Cannot compile when user c string has a special pattern.

Question

Cannot compile when user c string has a special pattern.

krishna116 opened this issue 3 years ago · comments

For example this cannot compile:

int lex(const char *YYCURSOR) 
{
    for(;;)
    {
    /*!re2c
        re2c:define:YYCTYPE = char;
        re2c:yyfill:enable = 0;
        
        [123]   { break; }
    */
    break;
    }
    return 0;
}

void strange_string1()
{
    const char str[] = "%{}"; //error here.
}

void strange_string2()
{
    const char str[] = "%{{}}";  //error here.
}

re2c version: 2.2
compile: re2c.exe test.lex -o test.c

Thanks.

Ulya Trofimovich · Answer 1 · Wed Dec 22 2021 15:35:36 GMT+0800 (China Standard Time)

This is because re2c thinks that %{ is the beginning of a re2c block (historically it allows one to use YACC-style markers %{ and %} for the beginning and the end of a block).

The easiest fix for you would be to break the C-string at this point: use "%" "{}" instead of "%{}" (and likewise with the second string).

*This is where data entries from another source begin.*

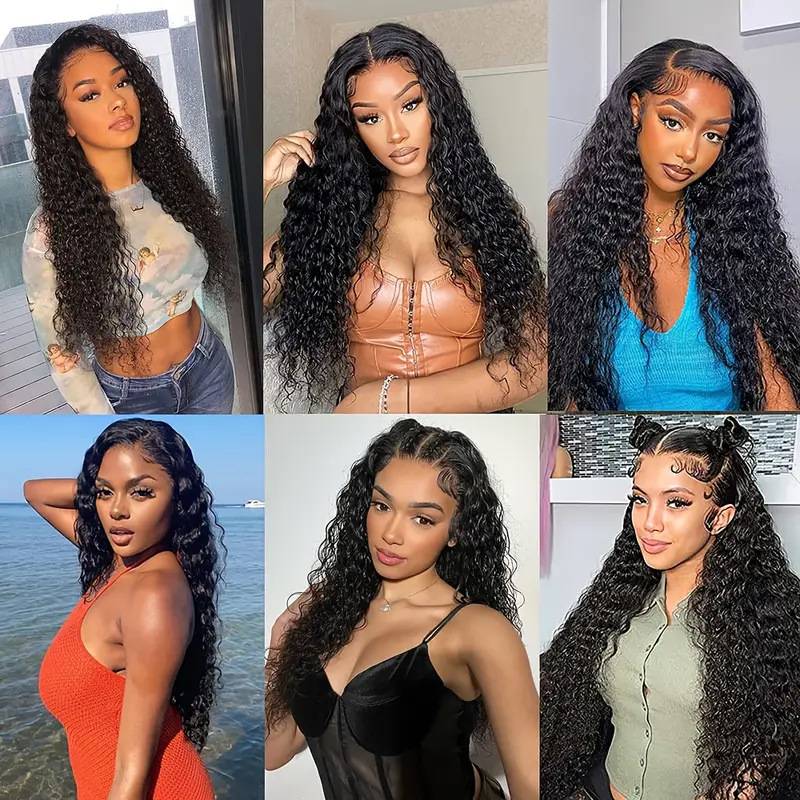 African cross -border wig European and American fashion female front lace lace 13*4 small roll natural everyday full set
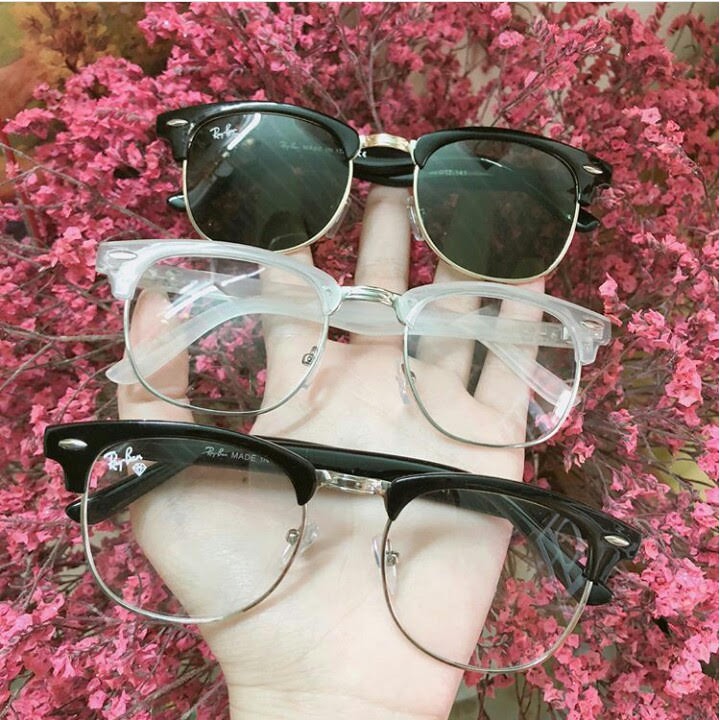 kính râm gọng cắt vành rb03 ( tặng kèm hộp đựng kính )
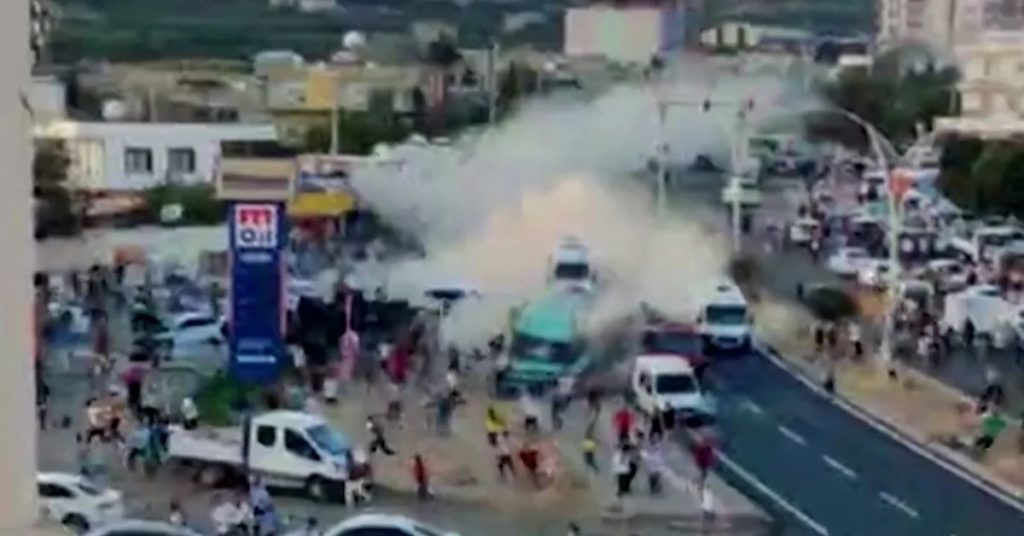 Accidente automovilístico en Turquía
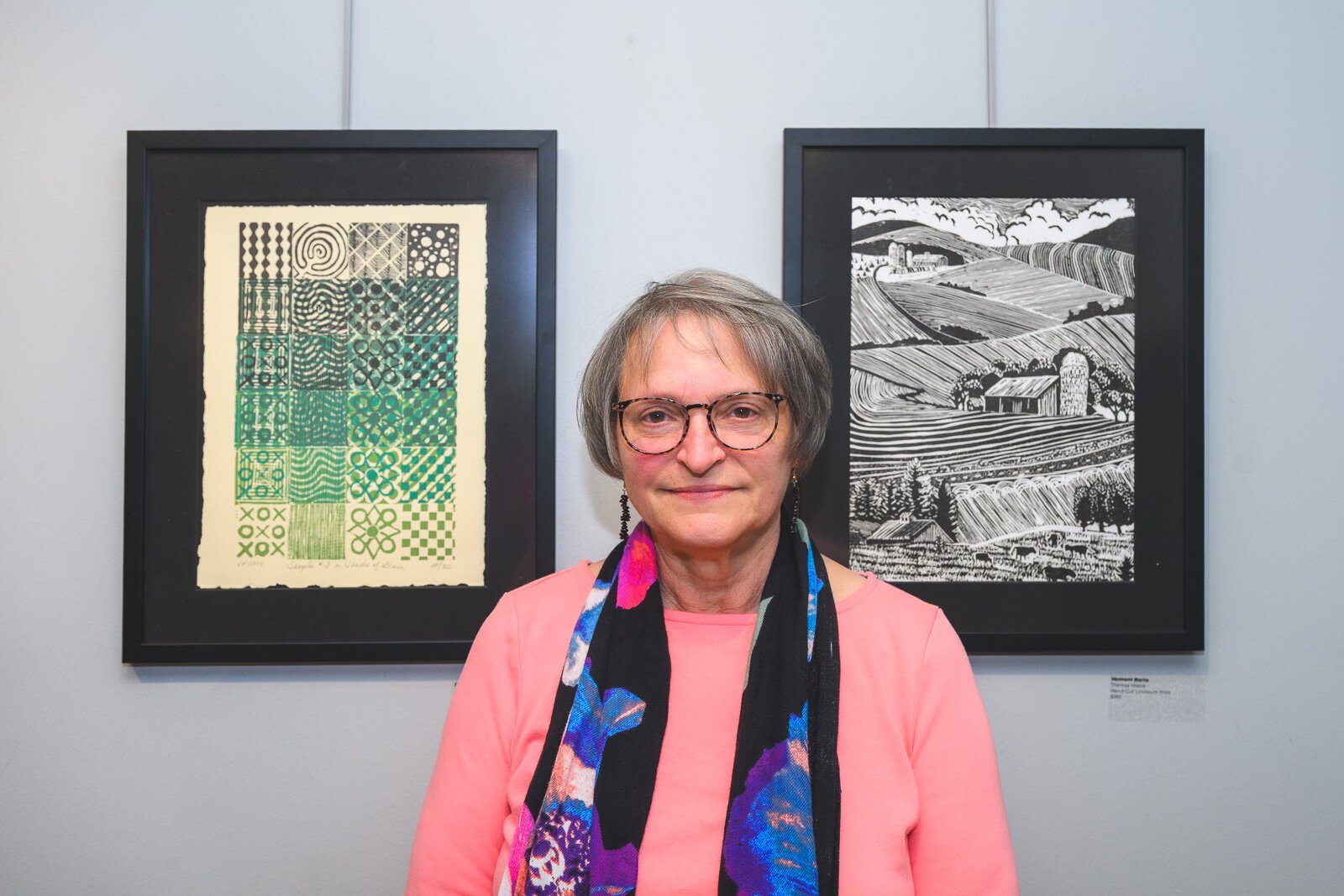 Theresa Moore at "Share: An Ypsi Fine Arts Club Exhibition."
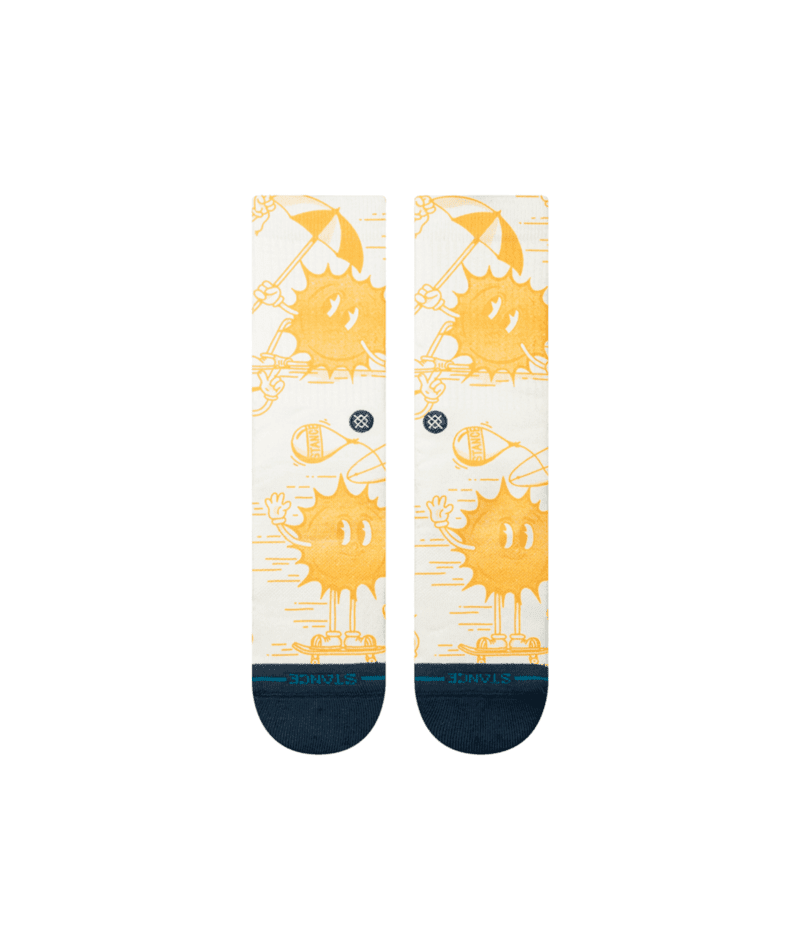 STANCE Sonnys Crew Socks Yellow Men's Socks Stance 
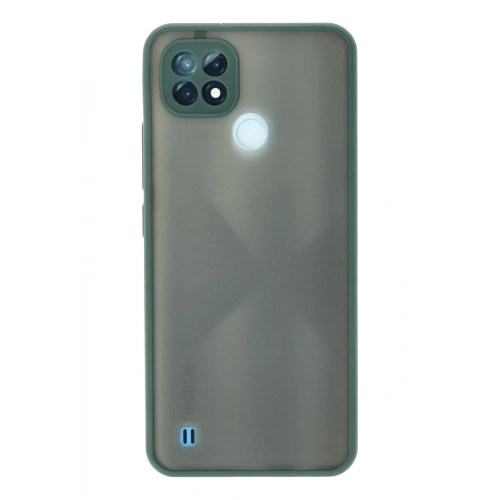 BFS  Realme C21 Kılıf Montreal Silikon Kapak - Yeşil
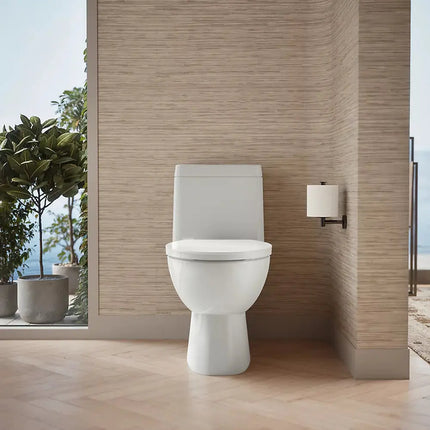 Kohler Reach One-piece compact elongated toilet with skirted trapway, dual-flush - Plumbing Market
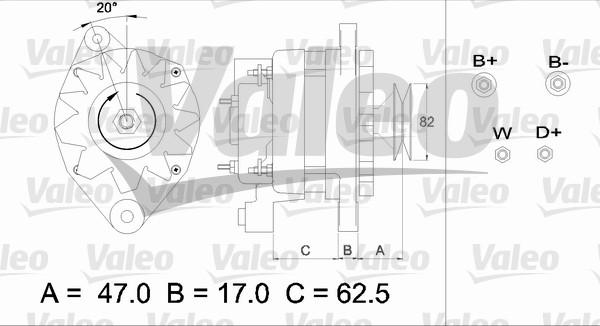 Valeo 436394 - Ģenerators autodraugiem.lv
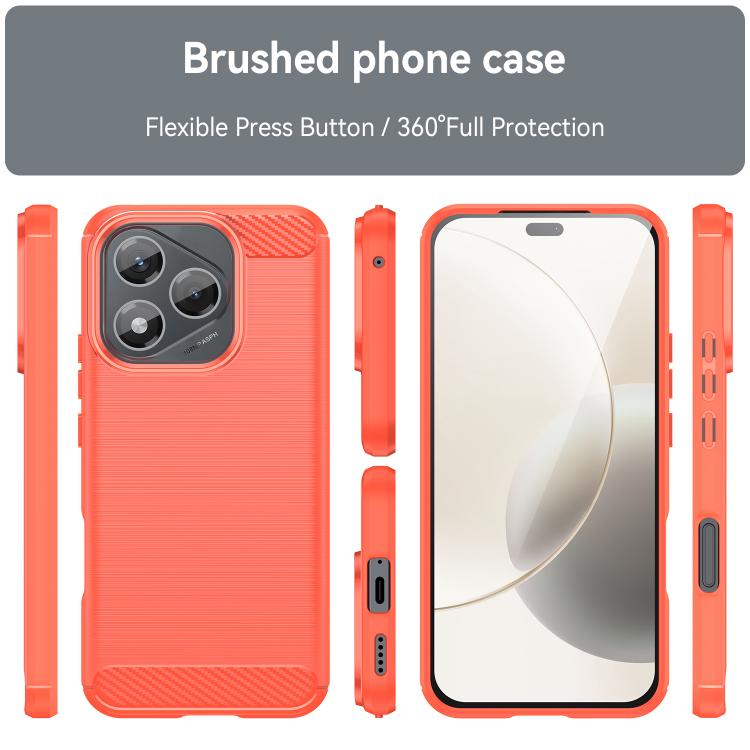 For Honor X70i Brushed Texture Carbon Fiber TPU Phone Case
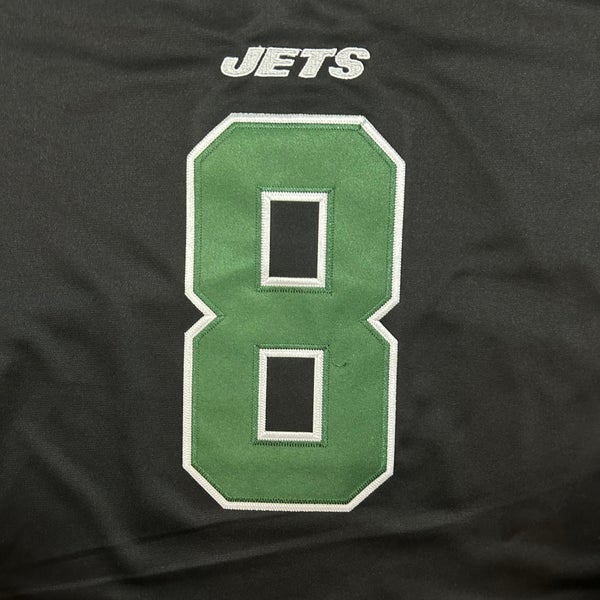 Men's Nike Aaron Rodgers Black New York Jets Game Jersey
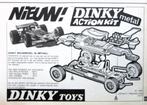 9 vintage advertenties reclames Dinky Toys speelgoed 57-71 a, Verzenden, Gebruikt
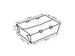 Boîte-repas Fonkels GO!mealbox 2000ml marron 23x14x7,4cm 80pces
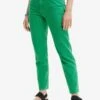 Desigual Washed-Effect Mom - Slim Fit Jeans - Green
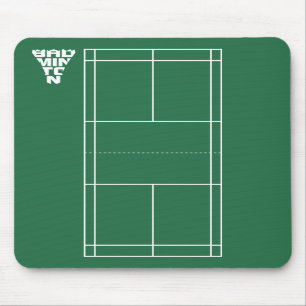 Alfombrilla De Ratón Corte de bádminton Mousepad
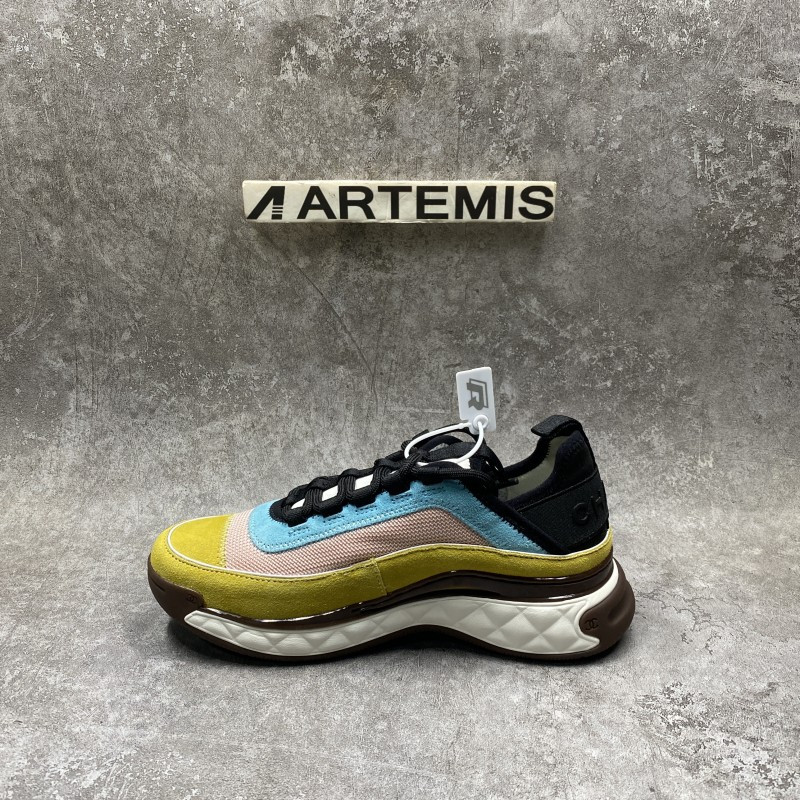 Channel Casual Style Street Style Plain Low-Top Sneakers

C preprocessor will concatenate the two strings into one, so no other changes needed.

Ulya Trofimovich · Answer 2 · Wed Dec 22 2021 15:56:19 GMT+0800 (China Standard Time)

I will see if I can fix re2c to not recognize simple cases like this one as the beginning of a block.

Krishna · Answer 3 · Wed Dec 22 2021 18:22:48 GMT+0800 (China Standard Time)

Yes, I know flex also has marker %{ for option, I comment this, the error still happened, it is strange...

    // "{} %{}"; //error
    // "%{--}"; //error

Ulya Trofimovich · Answer 4 · Wed Dec 22 2021 19:16:15 GMT+0800 (China Standard Time)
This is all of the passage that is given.